Ósme miejsce zajmuje Robert Kubica po pierwszym odcinku specjalnym Rajdu Portugalii. Superoes w Lizbonie wygrał faworyt rajdowych mistrzostw świata Francuz Sebastian Ogier. Polak stracił do niego niespełna 5 sekund.
Na początek czwartej eliminacji mistrzostw świata WRC kierowcy tradycyjnie rywalizowali w parach. Kubica nieznacznie, bo o 1,2 sekundy przegrał z Brytyjczykiem Krisem Meekiem. Rozpoczęliśmy ostrożnie, bo mieliśmy w pamięci to, co wydarzyło się ostatnio w Meksyku. Liczę, że zaprocentuje nieco doświadczenie z ubiegłorocznego startu tutaj, lecz z drugiej strony, trasa zmieniła się przynajmniej w połowie - mówił na gorąco na mecie superoesu Kubica.
Najszybciej trasę w Lizbonie pokonał Sebastian Ogier.

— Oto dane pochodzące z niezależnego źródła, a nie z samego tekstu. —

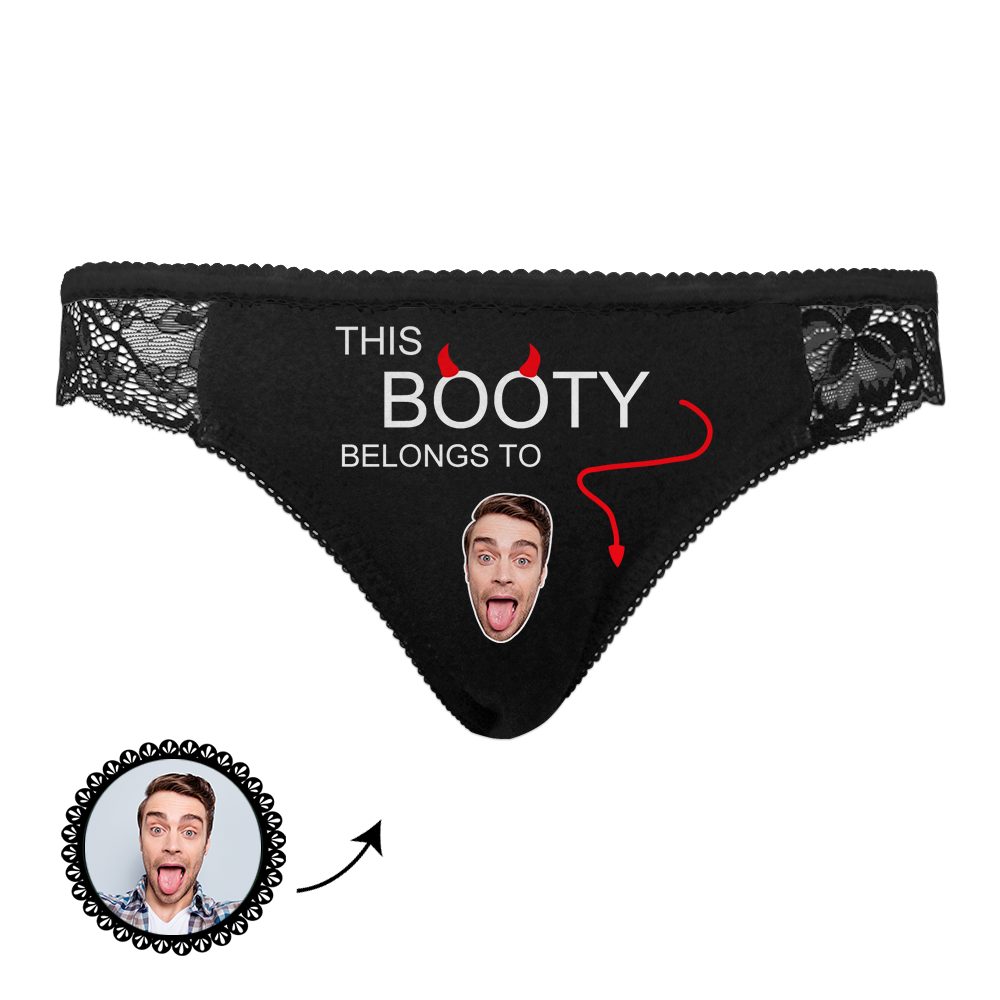 Custom Photo Face Booty Theme Underwear with Text Women Gift - soufeelmy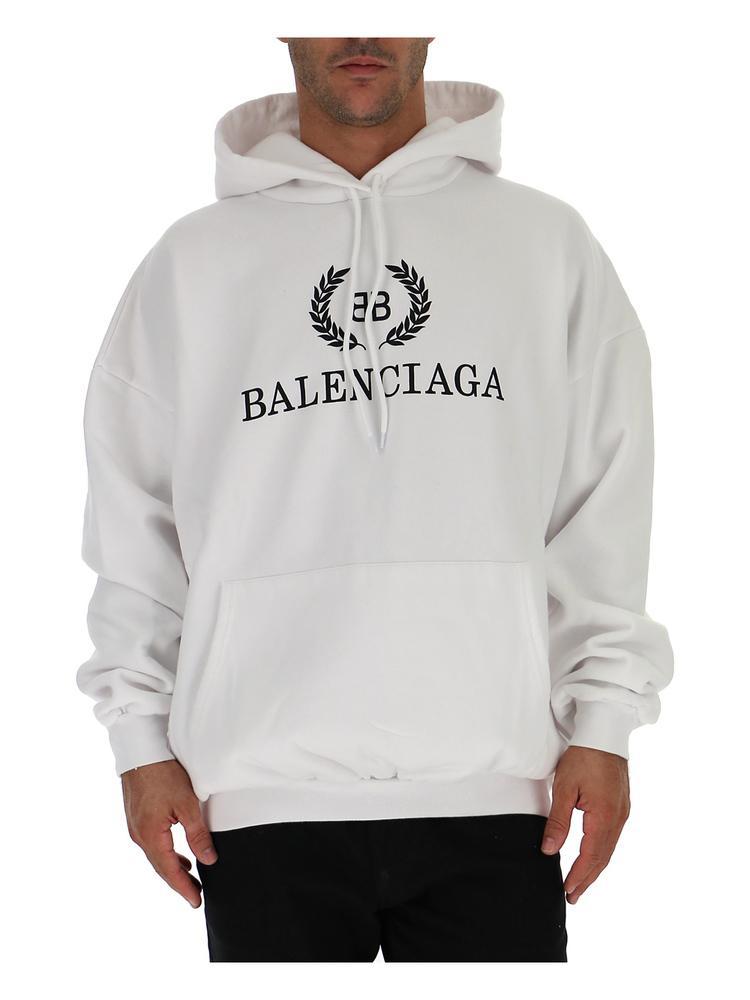 Balenciaga Logo Wreath Hoodie in White for Men | Lyst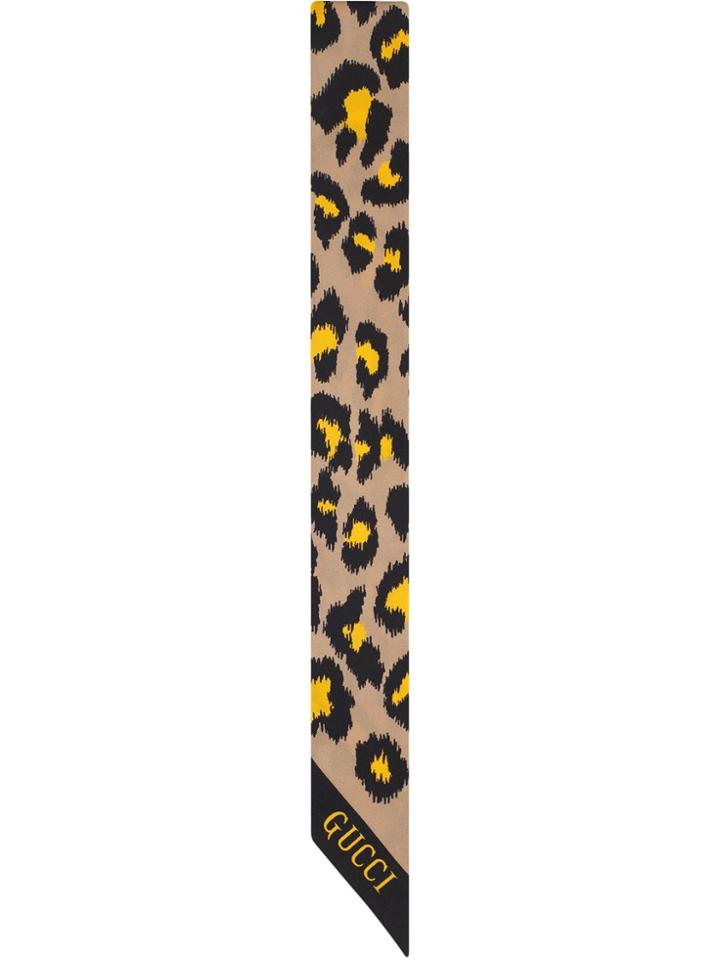 Gucci Neck Bow With Leopard Print - Blue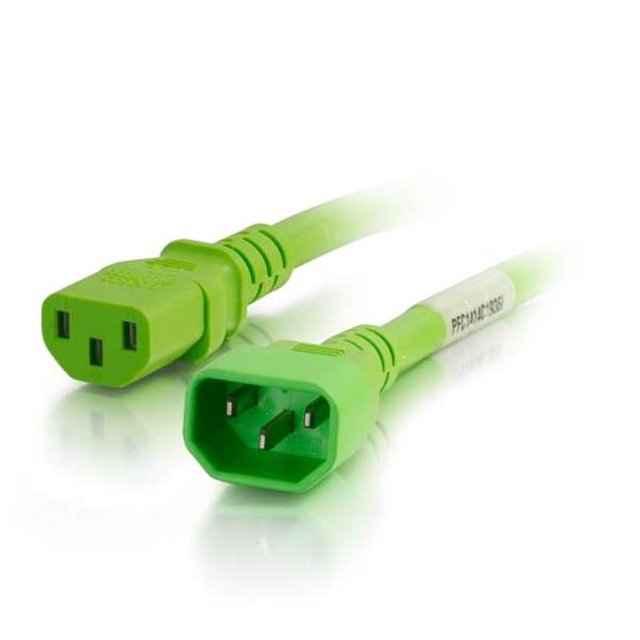 Cordon d'Alimentation 2 Pi 14AWG - IEC320C14 à IEC320C13 - Vert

Jadący w ostatniej parze francuski lider mistrzostw świata o 1,3 sekundy wyprzedził Fina Jari-Mattiego Latvalę. Kubica do Ogiera stracił 4,8 sekundy.
Prawdziwa rywalizacja w Rajdzie Portugalii zaczyna się w piątek. Organizatorzy zaplanowali na ten dzień sześć odcinków specjalnych o łącznej długości prawie 137 kilometrów. Kierowcy rywalizować będą także w sobotę, a na mecie zjawią się w niedzielę ok. godz. 13:30.